Your issue is using MediaRecorder with THREE_GPP format and AMR_NB codec. You’re recording compressed audio in a container format, then feeding that whole file (headers, metadata and all) to Shazam like it’s raw PCM data. Shazam wants pure audio samples, not wrapped container files.

Switch to AudioRecord instead. Set it up with AudioFormat.ENCODING_PCM_16BIT, AudioFormat.CHANNEL_IN_MONO, and your 44100 sample rate. Read straight into a byte buffer while recording. That’s how you get the raw PCM format the API actually wants.

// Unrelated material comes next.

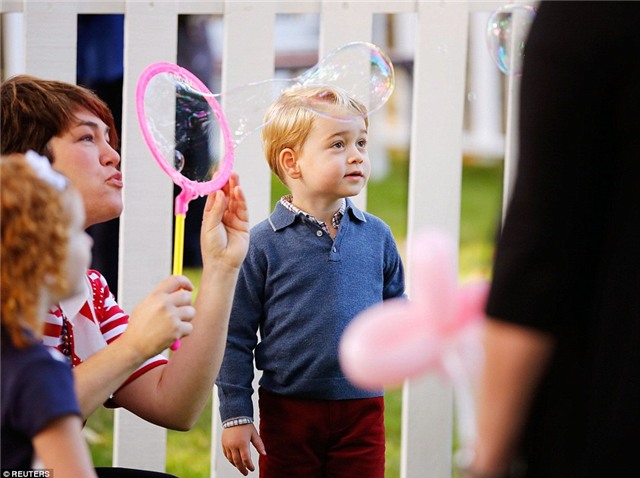 tieu cong chua anh me bong bay, choi trong boi giong bao be gai khac - 7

I hit this exact problem with audio fingerprinting services last year. The encoded file approach doesn’t work - you can’t mix container formats with raw audio expectations. AudioRecord’s trickier to code but it’s the only way to get clean PCM data for recognition APIs.

Your issue is the 3GP format with AMR_NB encoding - the API wants raw PCM data, not compressed audio with container headers. When you convert that 3GP file to base64, you’re basically sending garbage to the API.

MediaRecorder can’t output raw PCM, so you’ll need to switch to AudioRecord instead. Set it up with ENCODING_PCM_16BIT, CHANNEL_IN_MONO, and 44100 sample rate. This gives you clean raw audio without any compression or container mess that’s killing your recognition.

I hit this exact same problem with audio APIs before - switching to AudioRecord fixed it instantly.